Many ordinary investors often do not know much about stocks, listen to some gossip, think that the opportunity to make a lot of money is coming, so they will invest their hard-earned money, or even borrowed money, in stocks, this kind of blind risk often brings crisis and misfortune to themselves and their families, which is extremely undesirable. When we decide on an investment strategy, we must first understand the prerequisites of the matter and "know what to expect".

In addition, it's worth noting that as a concentrated investor, you won't have a lot of stocks in your hands, and each one is carefully selected. However, among these selected stocks, some stocks outperform others, which requires investors not to distribute assets equally, but to allocate more money to the best stocks.

Finally, how far can the market go? I don't know. How long does it take for the market to pull back? I don't know! Just wait. That way, you'll make fewer mistakes. If you start to predict the price distance or the length of time again, or you lose patience and worry about losing profits, and leave the market prematurely, then you will fall into the trap of the roadside, and at this time or the next moment, you will definitely make a mistake, and you will make a big mistake.

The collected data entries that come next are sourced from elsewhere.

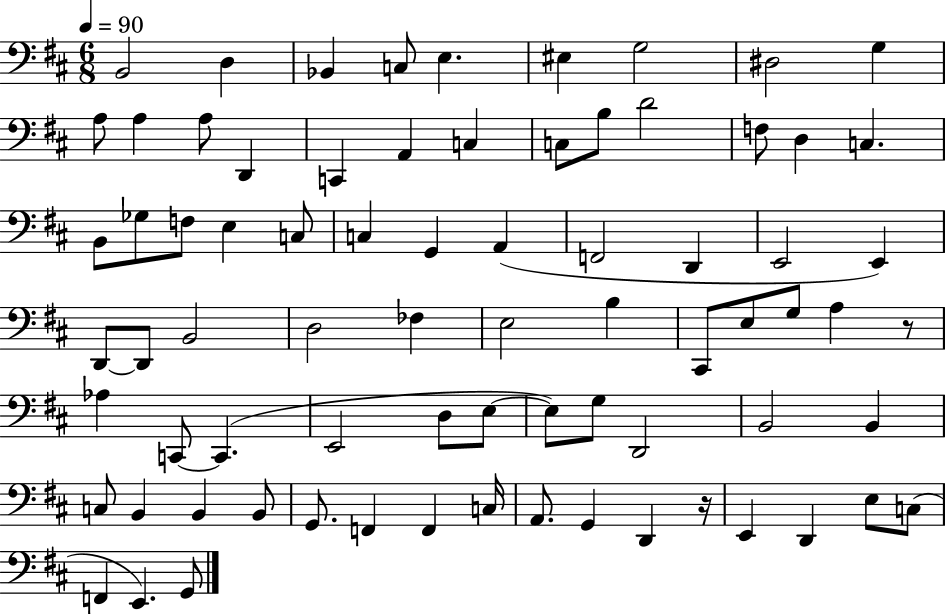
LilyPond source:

{
  \clef bass
  \numericTimeSignature
  \time 6/8
  \key d \major
  \tempo 4 = 90
  b,2 d4 | bes,4 c8 e4. | eis4 g2 | dis2 g4 | \break a8 a4 a8 d,4 | c,4 a,4 c4 | c8 b8 d'2 | f8 d4 c4. | \break b,8 ges8 f8 e4 c8 | c4 g,4 a,4( | f,2 d,4 | e,2 e,4) | \break d,8~~ d,8 b,2 | d2 fes4 | e2 b4 | cis,8 e8 g8 a4 r8 | \break aes4 c,8~~ c,4.( | e,2 d8 e8~~ | e8) g8 d,2 | b,2 b,4 | \break c8 b,4 b,4 b,8 | g,8. f,4 f,4 c16 | a,8. g,4 d,4 r16 | e,4 d,4 e8 c8( | \break f,4 e,4.) g,8 | \bar "|."
}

Holding a position, regardless of time; There is also little correlation with the length of the distance from the price movement, if there is, it is to see whether the boundary of the price movement has been reached or is ready to be crossed, and the boundary of the price movement is actually very easy to identify. In the fifteen-minute graph, yesterday's high and low, the previous few days' highs and lows, the boundaries of the large moving average, etc., have almost been marked, do your own to draw the line at a glance, do not let you make yourself smart thinking and doubts, K-line movement is so simple, and you make it complicated, but also make yourself dizzy, how can there be no loss?

Holding a position has nothing to do with your patience, personal emotions, including your mental activities such as expectations or doubts! If it's coherent, you've already started to lose money.

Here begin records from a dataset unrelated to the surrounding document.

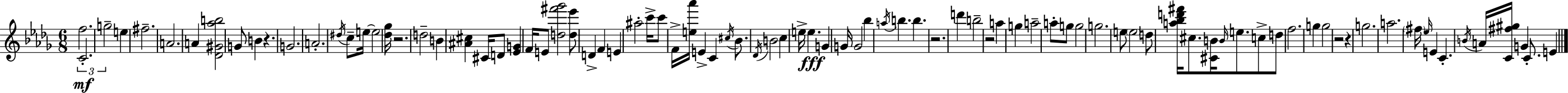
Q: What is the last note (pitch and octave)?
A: E4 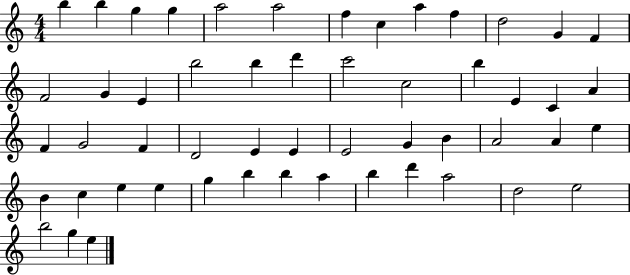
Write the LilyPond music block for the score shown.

{
  \clef treble
  \numericTimeSignature
  \time 4/4
  \key c \major
  b''4 b''4 g''4 g''4 | a''2 a''2 | f''4 c''4 a''4 f''4 | d''2 g'4 f'4 | \break f'2 g'4 e'4 | b''2 b''4 d'''4 | c'''2 c''2 | b''4 e'4 c'4 a'4 | \break f'4 g'2 f'4 | d'2 e'4 e'4 | e'2 g'4 b'4 | a'2 a'4 e''4 | \break b'4 c''4 e''4 e''4 | g''4 b''4 b''4 a''4 | b''4 d'''4 a''2 | d''2 e''2 | \break b''2 g''4 e''4 | \bar "|."
}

Think about how you drive or walk. If you don't know how to think, then hit the road, thinking about the relationship between your legs, the road and the destination as you go. Stretching your legs is your trading behavior; The road is the path and direction of the price movement; The destination is the boundary of the price movement, and it is also the end point of your trading profit (the destination in life is always known in advance, but the destination of the price movement is best not to be explored in advance, just follow). Take a walk and slowly imagine who comes first and who comes last, and who prescribes whose behavior.

Don't be in a hurry and take a step too early, and don't worry about the wolf and the tiger. Price movements have a path process – a trend. The trend itself is a combination of distance and time extension, but this is a dynamic process, and the size of the trend cannot be predefined or prematurely analyzed and judged by time and spread, at least, the vast majority of the market is so. Moreover, traders do not need to make preconceived notions. In fact, the trade that follows is the right trade. Moreover, holding a position has nothing to do with the spread or time difference.

Aren't you profitable if you are in tune with the market, do you still have to make a profit, and you have to clarify the exact data of how long you hold the position before you are willing? That's simply not possible or necessary. Don't care about the trend and the size of the profit, just follow the market.

The simplicity of making a profit is to simply follow the price movement and not fight against it. The direction of the market has nothing to do with you at all, does he ignore you when you fight against him? Therefore, if you follow wrongly, you should get used to making a simple U-turn. But at this time, most people have a lot of worries in their hearts, and they can't turn around, so that they lose their feet and drink hatred. Therefore, give up your ideas, simplify your behavior, take a proportional light position, do a few actions to follow the price trend, and the process of holding the position is large and small with the price movement, this is the transaction.